## Exercise
Give the data again exactly as it appears, excluding any pictures.

## Data
-- Opening Marker --

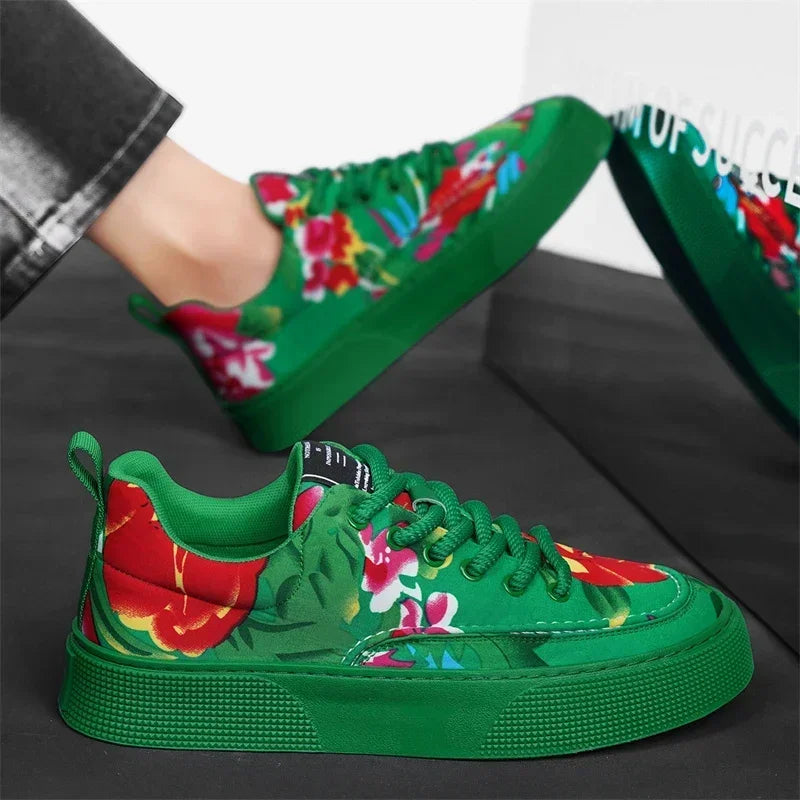 Fashion Men Casual Shoes Outdoor Men Running Sneakers Comfortable Floral Cloth Platform Walking Shoes Lightweight Tennis Shoes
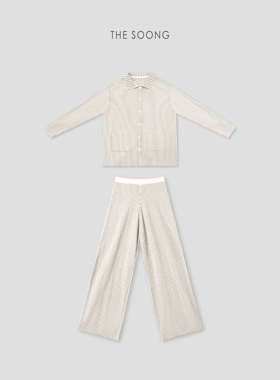 THESOONG/极简条纹 复古小尼绒双色纱条纹居家睡衣套装8114/8116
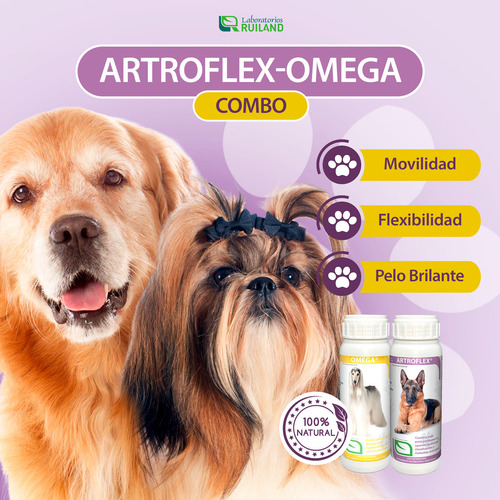 Artroflex Y Omega Ruiland Combo 200 Tabletas Vitaminas para Perro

-- Closing Marker --

## Exercise response
 Fashion Men Casual Shoes Outdoor Men Running Sneakers Comfortable Floral Cloth Platform Walking Shoes Lightweight Tennis Shoes
 THESOONG/极简条纹 复古小尼绒双色纱条纹居家睡衣套装8114/8116
 Artroflex Y Omega Ruiland Combo 200 Tabletas Vitaminas para Perro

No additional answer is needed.